Here is a link to my entire generic linked list implementation: https://codereview.stackexchange.com/questions/13007/c-linked-list-implementation
The problem is this accList_allocate() and your use of it.
struct accList secondList;
accList_allocate(&secondList);
In the original test2() secondList is memory on the stack. &secondList is a pointer to that memory. When you call accList_allocate() a copy of the pointer is passed in pointing at the stack memory. Malloc() then returns a chunk of memory and assigns it to the copy of the pointer, not the original secondList.
Coming back out, secondList is still pointing at uninitialised memory on the stack so the call to appendToEnd() fails.
The same happens with the answer except secondList just happens to be free of junk. Possibly by chance, possibly by design of the compiler.
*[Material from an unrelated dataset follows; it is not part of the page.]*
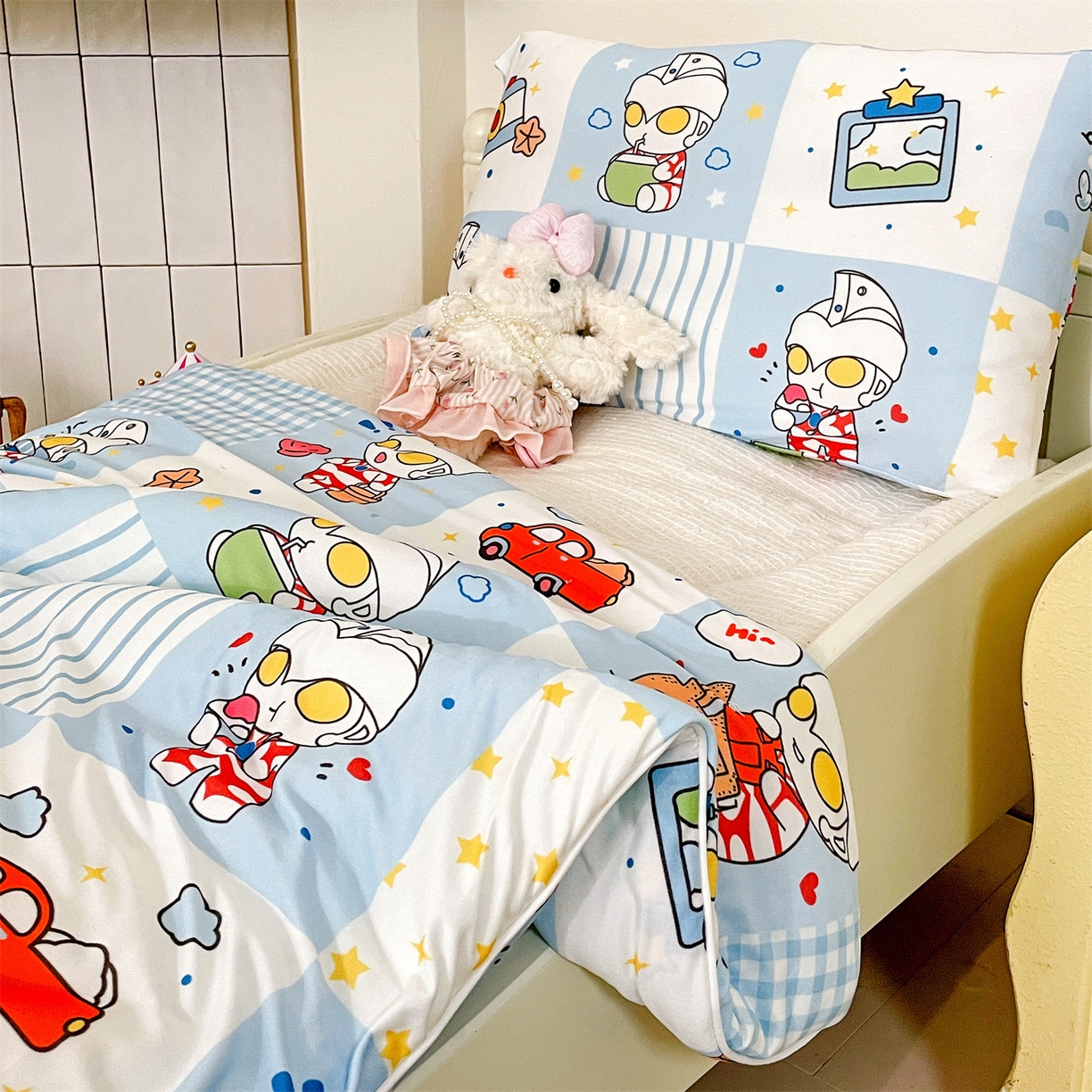 91家纺网 家纺一手货源 找家纺 名兮家居 2026新款A类经典奥特曼三丽鸥儿童针织棉夏凉被空调被【含防伪标】 针织夏被-小小艾斯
Either way it is not something you should rely on.
Either:
struct accList *secondList = NULL;
accList_allocate(&secondList);
And change accList_allocate()
accList_allocate(struct accList **theList) {
*theList = Malloc(sizeof(struct accList));
(*theList)->head = NULL;
(*theList)->tail = NULL;
(*theList)->size = 0;
}
OR
struct accList secondList;
accList_initialise(secondList);
With accList_allocate() changed to accList_initialise() because it does not allocate
accList_initialise(struct accList *theList) {
theList->head = NULL;
theList->tail = NULL;
theList->size = 0;
}
I think that your problem is this:
You've allocated secondList on the stack in your original test2 function.
The stack memory is probably dirty, so secondList requires initialization
Your accList_allocate function takes a pointer to the list, but then overwrites it with the Malloc call. This means that the pointer you passed in is never initialized.
When test2 tries to run, it hits a bad pointer (because the memory isn't initialized).
The reason that it works when you allocate it in main is that your C compiler probably zeros the stack when the program starts. When main allocates a variable on the stack, that allocation is persistent (until the program ends), so secondList is actually, and accidentally, properly initialized when you allocate it in main.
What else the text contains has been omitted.